Raising the security bar: Know and fine-tune your IPS
A long time ago, people thought that having a firewall in place would protect their systems and networks from any and every outside attack. And for a very short while, they were right.
But, as history has taught us, there is no silver bullet that will stop all threats, because they are forever evolving and our defenses must consequently evolve, too.
Detecting and understanding threats – and developing signatures for them – is a very difficult and very costly process. “Evasion techniques are fantastically effective,” said Anthony Haywood, CTO of Idappcom, at the Infosecurity press event in London. “They easily evade poor quality security rules.”
The other problem is a large quantity of disabled rules.

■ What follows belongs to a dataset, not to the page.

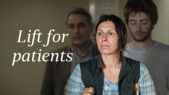 Se serien Lift For Patients på Netflix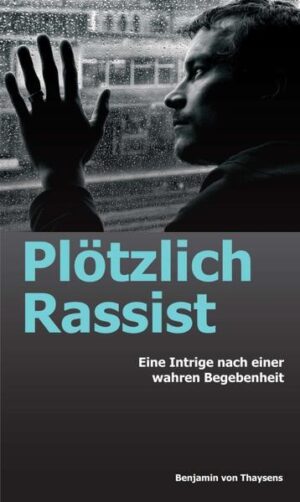 Benjamin von Thaysens ist ein Top-Manager in den besten Jahren. Nach dem erfolgreichen Erklimmen der Karriereleiter entschließt er sich, mit seiner Frau sesshaft zu werden, und nimmt einen langfristigen Job in Augsburg an, wohin ihm seine Frau bald folgen soll. Die Aufgabe, seinen mittelständischen Arbeitgeber wieder auf Kurs zu bringen, bekommt er problemlos in den Griff, kommt mit den Mitarbeitern gut zurecht. Als er jedoch die Avancen der von ihm persönlich eingestellten Mitarbeiterin zurückweist, nimmt die Sache für ihn einen niederschmetternden Verlauf, als diese ihn des Rassismus bezichtigt. Angesichts eines solchen Vorwurfs verliert er den Boden unter den Füßen und bekommt die Sache nicht mehr in den Griff. Er wird fristlos gefeuert und verklagt, was ihn in eine tiefe Depression stürzt, denn als vorurteilsfreier Demokrat, der mit allen Menschen offen umgeht, trifft ihn die Unterstellung schwer. Der ehemalige Manager verliert den Glauben an die Menschheit und die Kontrolle über sich und sein Leben. Statt sich einer Therapie zu unterziehen, versinkt er im Alkoholrausch und irrt durch die Straßen Berlins. Es dauert Wochen, bis er von der Polizei aufgegriffen wird. Nun erst ist er in der Lage, sich einer Therapie zu unterziehen und der Auswirkung der Vorwürfe auf den Grund zu gehen. Stück für Stück erlangt er die Kontrolle über sein Leben zurück und kann sich anschließend sogar seinen Gegnern stellen. Er dreht den Spieß um und erstreitet Schadenersatz, Wiedergutmachung, Schmerzensgeld und Unterlassungserklärungen. Ein Sieg auf ganzer Linie … Doch der Glaube an das Gute im Menschen hat Schaden genommen …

Some due to performance, other to age – and all with the same goal: to increase (or keep) the speed up. But the vendors don’t tell you that – they don’t tell you their product is set up in such a way to detect only the last 1000 threats, that it looks for threats only on the default port, or that it looks only at the the first 300 bytes of the packet, which makes most signatures pointless.
Buying a security product, turning it on and choosing the default policy doesn’t make you safe. As a test conducted by NSS Labs in 2009 has shown, fine-tuning policies in Intrusion Prevention Systems is critical for an increased effectiveness:
In this particular example, the Sourcefire solution was 65 percent effective when using default policies, and 89 percent effective when the policies were tuned by the vendor. “With additional policy rules from outside organizations, the effectiveness can reach a 100 percent,” said Haywood.
He said that the expression “default policy” is misleading, and that it actually should be “simpler performance policy”. The truth is, if you want maximum throughput, you’ll get minimal protection – and that is something he feels that vendors should be upfront about. Bad security is worse than no security, because it gives you a false sense of safety.
There are a number of things that every organization can do to raise the security bar. It should add high quality security rules to their policies in order to increase detection and lower the number of false positives. It should perform regular assessments of used security technologies – and extend the life of existing devices. Regular auditing of defensive capabilities should also be a must.
Striking the right balance between speed and security can be difficult, but should be a priority for every organization.